Crisis- en herstelwet brengt ruimtelijke ontwikkeling weer in beweging
De Crisis- en herstelwet leidt tot vernieuwing en versnelling van ruimtelijke ontwikkelingsprocessen. Dat blijkt uit de voortgangsrapportage 2011-2012 en de evaluatie die het kabinet naar het parlement heeft gestuurd.
Sinds de inwerkingtreding van de Crisis- en Herstelwet op 31 maart 2010 zijn in totaal (of worden binnenkort) 44 projecten aangewezen als experiment. Ook wordt bij 12 projecten gebruik gemaakt van het projectuitvoeringsbesluit dat zorgt voor een aanzienlijke versnelling van projecten en een impuls geeft aan ruimtelijke vernieuwing.
Experimenten leiden tot innovatie
De experimenteerregeling voor innovatieve projecten in de Crisis- en herstelwet wordt enthousiast ontvangen.

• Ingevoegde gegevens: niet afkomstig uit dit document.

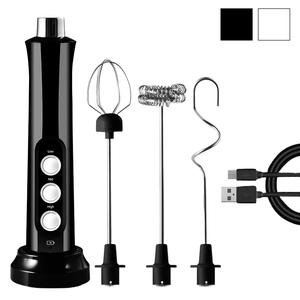 3 in 1 Portable USB Charging Electric Milk Frother, Handheld High Speed Beverage Mixer Mini Blender Tool, Easy Operation Coffee Frothing Stick, Cordless Milk Frother Wand, Coffee Equipment, Blender, Kitchen Appliances, Gift, Coffee Accessories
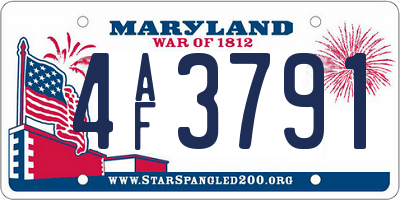 MD license plate 4AF3791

Het mogen afwijken van wettelijke regels die innovatie in de weg staan maakt de weg vrij voor projecten op velerlei terrein: bodemsanering, energiegebruik, tijdelijk ruimtegebruik, kleine windturbines, vrijheid bij particulier opdrachtgeverschap. Vooral gemeenten – en veel minder dan verwacht bedrijven – komen met voorstellen voor experimenten.

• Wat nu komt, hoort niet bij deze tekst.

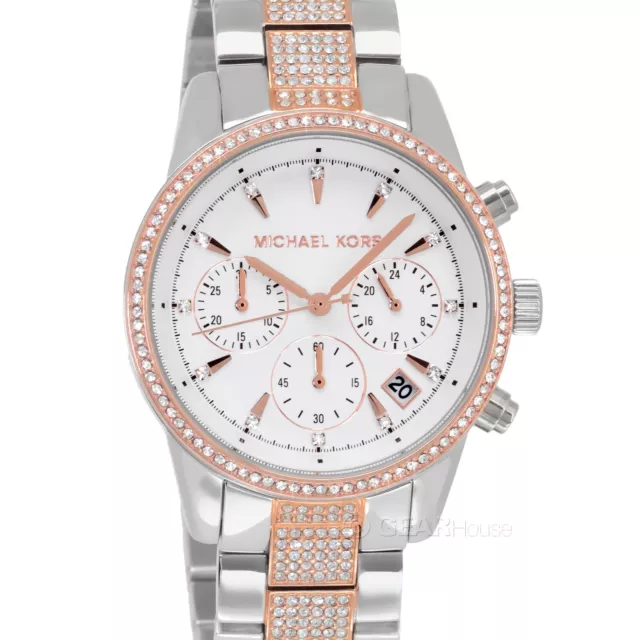 Michael Kors Ritz Womens Pave Glitz Watch, Two-Tone Silver Rose Gold, Crystals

De Crisis- en herstelwet fungeert als hefboom bij vastgelopen stedelijke herstructureringsprojecten. Door een gebiedsontwikkelingsplan te maken kunnen gemeenten ingewikkelde projecten vlot trekken, komen partijen in beweging en ontstaan nieuwe oplossingen. Het bestuur krijgt meer doorzettingsmacht.
Duurzaamheid en innovatie
De Crisis en Herstelwet leidt tot vernieuwing en versnelling van ruimtelijke ontwikkelingsprocessen. Administratieve en bezwaarprocedures worden verkort en wetgeving wordt gestroomlijnd zodat projecten sneller uitgevoerd kunnen worden . Minister Schultz:”De wet biedt juist ook instrumenten om duurzame en innovatieve projecten van de grond te krijgen. Vooruitlopend op de ingrijpende herziening van het omgevingsrecht – de Omgevingswet -, biedt de Crisis- en herstelwet voor gemeenten en initiatiefnemers al veel mogelijkheden om projecten sneller en doeltreffender te laten verlopen. Kennis is essentieel, en daarom zet mijn ministerie in op kennisuitwisseling en voorlichting.”